If \( x = at^4 \) and \( y = 2at^2 \), then \( \frac{d^2y}{dx^2} \) is equal to :

• A. \( -\frac{1}{4at^4} \)
• B. \( -\frac{2}{t^3} \)
• C. \( -\frac{1}{t} \)
• D. \( -\frac{1}{2at^6} \)

Hint:

Remember: \( \frac{d^2y}{dx^2} \neq \frac{y''(t)}{x''(t)} \).
A helpful mnemonic for the parametric second derivative is:
\( \text{Derivative of Slope} \div \text{Derivative of x} \).
Always express your final answer in the simplest power form to avoid confusion with the options.

Answer 1

The Correct Option is D

Step 1: Differentiate each part with respect to $t$.
From $x = at^4$ we get $\dfrac{dx}{dt} = 4at^3$. From $y = 2at^2$ we get $\dfrac{dy}{dt} = 4at$.

Step 2: Get the first slope.
Divide one by the other.
\[ \frac{dy}{dx} = \frac{4at}{4at^3} = \frac{1}{t^2} \]

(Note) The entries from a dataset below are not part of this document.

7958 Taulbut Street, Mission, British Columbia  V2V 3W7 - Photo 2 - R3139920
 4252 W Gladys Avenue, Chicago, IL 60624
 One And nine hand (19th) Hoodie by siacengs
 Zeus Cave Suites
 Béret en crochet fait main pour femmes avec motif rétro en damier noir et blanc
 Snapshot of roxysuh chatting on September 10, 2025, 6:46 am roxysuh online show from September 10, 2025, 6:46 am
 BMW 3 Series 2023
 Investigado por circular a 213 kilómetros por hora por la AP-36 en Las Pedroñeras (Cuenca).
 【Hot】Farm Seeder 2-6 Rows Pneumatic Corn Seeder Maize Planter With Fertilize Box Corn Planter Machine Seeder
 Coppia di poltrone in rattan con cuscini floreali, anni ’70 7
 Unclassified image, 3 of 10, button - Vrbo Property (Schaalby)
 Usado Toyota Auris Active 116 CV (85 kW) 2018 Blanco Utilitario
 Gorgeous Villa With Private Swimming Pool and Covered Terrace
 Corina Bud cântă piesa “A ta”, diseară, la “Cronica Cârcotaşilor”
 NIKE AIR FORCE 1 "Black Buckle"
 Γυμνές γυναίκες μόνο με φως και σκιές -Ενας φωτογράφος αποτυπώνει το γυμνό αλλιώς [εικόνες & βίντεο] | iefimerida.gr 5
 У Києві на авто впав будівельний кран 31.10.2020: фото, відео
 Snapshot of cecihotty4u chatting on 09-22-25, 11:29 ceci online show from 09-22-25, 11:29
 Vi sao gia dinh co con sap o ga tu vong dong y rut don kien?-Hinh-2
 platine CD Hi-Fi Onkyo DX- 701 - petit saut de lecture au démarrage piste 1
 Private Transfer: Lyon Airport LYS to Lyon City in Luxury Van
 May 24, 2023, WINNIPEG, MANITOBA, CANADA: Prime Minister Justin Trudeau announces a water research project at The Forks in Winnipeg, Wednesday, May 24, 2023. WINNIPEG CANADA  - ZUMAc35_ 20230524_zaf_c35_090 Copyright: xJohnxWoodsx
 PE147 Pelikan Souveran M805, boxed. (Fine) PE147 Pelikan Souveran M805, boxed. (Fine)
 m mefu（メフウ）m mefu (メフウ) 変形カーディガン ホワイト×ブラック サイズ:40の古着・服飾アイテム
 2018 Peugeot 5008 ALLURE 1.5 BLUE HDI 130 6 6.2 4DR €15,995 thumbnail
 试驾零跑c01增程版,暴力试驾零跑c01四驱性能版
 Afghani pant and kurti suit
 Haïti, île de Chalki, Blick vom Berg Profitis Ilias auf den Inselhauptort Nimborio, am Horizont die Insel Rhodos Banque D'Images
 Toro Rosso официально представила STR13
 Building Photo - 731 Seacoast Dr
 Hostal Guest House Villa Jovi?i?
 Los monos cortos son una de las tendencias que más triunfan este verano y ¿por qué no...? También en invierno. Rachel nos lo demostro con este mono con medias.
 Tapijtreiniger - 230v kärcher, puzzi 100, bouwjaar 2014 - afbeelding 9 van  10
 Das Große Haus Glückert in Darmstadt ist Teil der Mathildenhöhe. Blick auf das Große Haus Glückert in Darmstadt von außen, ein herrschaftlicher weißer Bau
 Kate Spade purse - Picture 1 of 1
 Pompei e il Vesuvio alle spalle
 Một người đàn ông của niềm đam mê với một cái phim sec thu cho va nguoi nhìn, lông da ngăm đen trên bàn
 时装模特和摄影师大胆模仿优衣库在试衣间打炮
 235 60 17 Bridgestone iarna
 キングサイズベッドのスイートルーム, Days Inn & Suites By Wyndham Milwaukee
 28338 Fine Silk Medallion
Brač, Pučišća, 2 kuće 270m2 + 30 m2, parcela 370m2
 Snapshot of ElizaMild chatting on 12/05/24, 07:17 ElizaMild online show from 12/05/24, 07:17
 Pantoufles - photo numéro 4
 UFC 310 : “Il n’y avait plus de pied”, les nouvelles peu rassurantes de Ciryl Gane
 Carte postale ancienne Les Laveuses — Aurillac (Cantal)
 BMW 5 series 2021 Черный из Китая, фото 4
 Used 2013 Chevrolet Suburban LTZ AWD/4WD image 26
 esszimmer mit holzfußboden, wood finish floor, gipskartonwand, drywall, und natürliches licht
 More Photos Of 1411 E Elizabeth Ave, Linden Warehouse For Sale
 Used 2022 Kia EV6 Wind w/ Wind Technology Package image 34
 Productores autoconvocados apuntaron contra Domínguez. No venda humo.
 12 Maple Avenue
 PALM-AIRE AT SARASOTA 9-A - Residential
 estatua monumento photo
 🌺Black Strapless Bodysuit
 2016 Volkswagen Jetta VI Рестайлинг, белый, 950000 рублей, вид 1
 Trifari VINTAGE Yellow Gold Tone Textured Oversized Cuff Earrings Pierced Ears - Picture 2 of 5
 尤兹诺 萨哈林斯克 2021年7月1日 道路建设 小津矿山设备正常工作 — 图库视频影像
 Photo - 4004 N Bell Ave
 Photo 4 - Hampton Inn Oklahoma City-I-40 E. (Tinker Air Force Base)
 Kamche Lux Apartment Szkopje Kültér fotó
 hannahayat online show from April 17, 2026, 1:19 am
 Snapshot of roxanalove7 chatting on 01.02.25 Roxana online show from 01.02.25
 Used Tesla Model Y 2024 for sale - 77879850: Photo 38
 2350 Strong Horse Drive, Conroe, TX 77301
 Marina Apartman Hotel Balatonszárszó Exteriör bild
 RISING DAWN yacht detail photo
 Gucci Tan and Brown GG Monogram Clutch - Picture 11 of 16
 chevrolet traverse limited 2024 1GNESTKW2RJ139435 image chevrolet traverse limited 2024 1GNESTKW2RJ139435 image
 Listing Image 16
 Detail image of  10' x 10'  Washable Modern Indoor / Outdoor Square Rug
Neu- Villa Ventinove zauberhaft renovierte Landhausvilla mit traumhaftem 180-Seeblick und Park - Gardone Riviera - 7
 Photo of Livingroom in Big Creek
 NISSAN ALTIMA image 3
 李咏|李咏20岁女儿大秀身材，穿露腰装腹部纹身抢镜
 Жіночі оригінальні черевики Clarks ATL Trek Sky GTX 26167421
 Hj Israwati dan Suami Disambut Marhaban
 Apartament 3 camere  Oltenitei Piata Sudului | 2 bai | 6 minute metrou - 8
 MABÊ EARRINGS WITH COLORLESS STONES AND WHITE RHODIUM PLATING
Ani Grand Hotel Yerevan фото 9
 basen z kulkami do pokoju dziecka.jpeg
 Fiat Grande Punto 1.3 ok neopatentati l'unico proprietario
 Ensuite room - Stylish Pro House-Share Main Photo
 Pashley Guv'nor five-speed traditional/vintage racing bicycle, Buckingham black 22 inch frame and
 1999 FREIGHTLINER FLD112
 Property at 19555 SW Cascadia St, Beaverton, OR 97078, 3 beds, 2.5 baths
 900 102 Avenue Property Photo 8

Step 3: Differentiate the slope, then divide again.
The second derivative needs us to differentiate $\dfrac{dy}{dx}$ with respect to $t$, and then divide by $\dfrac{dx}{dt}$ once more. First, $\dfrac{d}{dt}\left(t^{-2}\right) = -2t^{-3}$.
\[ \frac{d^2y}{dx^2} = \frac{-2t^{-3}}{4at^3} \]

Step 4: Tidy up.
\[ \frac{d^2y}{dx^2} = \frac{-2}{4at^6} = -\frac{1}{2at^6} \]
That is option 4.
\[ \boxed{-\dfrac{1}{2at^6}} \]